Honda CB500F Modelljahr 2019 in Grau-Metallic von rechts nach links fahrend

Honda CB500F 2019 im TestDas perfekte A2-Bike?

Schon in der Vergangenheit hieß unsere Antwort, wenn es um die Frage nach dem angenehmsten, freundlichsten A2-Bike ging: Honda CB500F. Nun wurde der Bestseller einmal mehr einer Überarbeitung unterzogen. Präsentiert 2013 gab’s das erste Update in der 2016er-Saison, nun folgt eben der nächste Schritt (parallel mit den Geschwistern CBR500R und CB500X).

Was ist genau passiert? Ohne grobe Umbrüche in Technik und Positionierung gibt es mehr Sex-Appeal. Konkret bedeutet das: ein schnittigeres Design und eine hochwertigere Ausstattung. Dazu hat Honda der CB500F auch kleine technische Fortschritte spendiert.

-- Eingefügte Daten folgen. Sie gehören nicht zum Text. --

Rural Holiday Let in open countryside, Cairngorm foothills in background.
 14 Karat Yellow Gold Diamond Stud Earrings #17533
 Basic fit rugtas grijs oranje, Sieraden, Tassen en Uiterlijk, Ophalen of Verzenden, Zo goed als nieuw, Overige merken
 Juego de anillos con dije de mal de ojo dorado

Beginnen wir bei Optik und Ausstattung: Sämtliche Verkleidungsteile sind hier neu, vor allem die seitlichen Flanken am Tank fallen nun stärker auf und verleihen dem Bike eine breitere Front, eine stärkere Präsenz auf der Straße. Der nun gerade verlaufende Heckrahmen macht die hintere Hälfte leichter, während eine Voll-LED-Beleuchtung für einen moderneren und edleren Look sorgt. Details wie der konifizierte Lenker und das neue LC-Display (das gleiche wie auf der CB650F!) sorgen ebenfalls für eine hochwertige Anmutung. Sehr erfreulich: Im Display ist nun prominent eine Ganganzeige integriert, auf die man ja heute nicht mehr verzichten will.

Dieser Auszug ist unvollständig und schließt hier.